Population (2024-12-31)
- • Total: 15,164
- • Density: 565.2/km^{2} (1,464/sq mi)
- Time zone: UTC+01:00 (CET)
- • Summer (DST): UTC+02:00 (CEST)
- Postal codes: 86415
- Dialling codes: 08233
- Vehicle registration: AIC, FDB
- Website: www.mering.de

= Mering =

Mering (/de/) is a municipality in the district Aichach-Friedberg, in Bavaria, Germany. It is located on the river Paar.

First mentioned in records in 1021, Mering has a long history.

The growing town with its nearly 15,000 inhabitants (2021) profits from its good location between Munich and Augsburg. Engine of this growing popularity is the main railway station which connects Mering directly within 30 minutes to Munich and within 15 minutes to Augsburg. Mering is home to many shopping facilities within easy walking distance. Its motto is "Ihr Einkaufsort der kurzen Wege" (Your shopping centre of short distances).
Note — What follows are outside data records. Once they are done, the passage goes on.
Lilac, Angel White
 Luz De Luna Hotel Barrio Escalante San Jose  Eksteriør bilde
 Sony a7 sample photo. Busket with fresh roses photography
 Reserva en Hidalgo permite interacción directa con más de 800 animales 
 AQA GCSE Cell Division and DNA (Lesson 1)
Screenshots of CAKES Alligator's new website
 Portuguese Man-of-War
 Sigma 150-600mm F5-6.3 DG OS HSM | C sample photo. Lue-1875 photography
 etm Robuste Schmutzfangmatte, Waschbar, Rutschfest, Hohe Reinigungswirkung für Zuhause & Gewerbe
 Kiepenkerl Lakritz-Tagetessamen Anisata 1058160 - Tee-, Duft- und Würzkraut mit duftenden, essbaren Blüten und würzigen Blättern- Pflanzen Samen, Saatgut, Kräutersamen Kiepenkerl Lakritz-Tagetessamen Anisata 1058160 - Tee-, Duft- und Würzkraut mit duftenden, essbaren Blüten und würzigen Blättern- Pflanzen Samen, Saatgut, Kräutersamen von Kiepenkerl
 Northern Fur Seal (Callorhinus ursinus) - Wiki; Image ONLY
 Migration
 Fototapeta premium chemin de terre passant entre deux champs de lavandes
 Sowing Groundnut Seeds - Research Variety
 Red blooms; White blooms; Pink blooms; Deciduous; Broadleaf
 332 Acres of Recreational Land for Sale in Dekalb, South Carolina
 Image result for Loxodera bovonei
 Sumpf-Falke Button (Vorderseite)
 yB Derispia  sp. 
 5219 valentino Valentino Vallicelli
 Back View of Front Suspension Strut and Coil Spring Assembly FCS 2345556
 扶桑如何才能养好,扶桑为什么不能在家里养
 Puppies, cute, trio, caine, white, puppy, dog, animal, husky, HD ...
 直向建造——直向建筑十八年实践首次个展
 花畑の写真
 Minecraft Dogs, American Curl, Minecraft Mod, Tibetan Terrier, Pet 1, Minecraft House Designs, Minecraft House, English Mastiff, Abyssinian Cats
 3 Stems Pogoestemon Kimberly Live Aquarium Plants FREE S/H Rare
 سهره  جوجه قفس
Mering is also known for its Baroque Catholic church St. Michael, built in 1789. A popular place is the recently redesigned main square (Marktplatz) with shops and restaurants in ancient buildings surrounding the fountain. Every Friday the local farmers' market takes place here.

==History==

Mering was first mentioned in 1021. It was a family possession of the Swabian Guelph. In 1167 the Hohenstaufen Emperor Frederick I Barbarossa took by inheritance contract the Guelph house estates in Swabia, which were added to the Hohenstaufen house goods. With the beheading of the Holy Roman Emperor Conradin in 1268 the Bavarian dukes came into the possession of Mering. This was part of their efforts to extend their sphere of influence into the Alemannic settlement area, up to the Lech.

Mering belonged to the Rentamt Munich within the Electorate of Bavaria. In 1838, the municipality Mering was awarded a coat of arms by King Ludwig I, which points to the former Guelph Castle and the Battle of Lechfeld in 955. On November 18, 1911 Mering was elevated to a market town.

After being part of Bavarian territory for 700 years, Mering became part of the Swabian district Friedberg in 1944 (since the district reform in 1972, a part of the newly formed district Aichach-Friedberg), within Bavaria. In the area of Mering the Lechrain dialect is spoken, a Swabian dialect with strong Bavarian influence.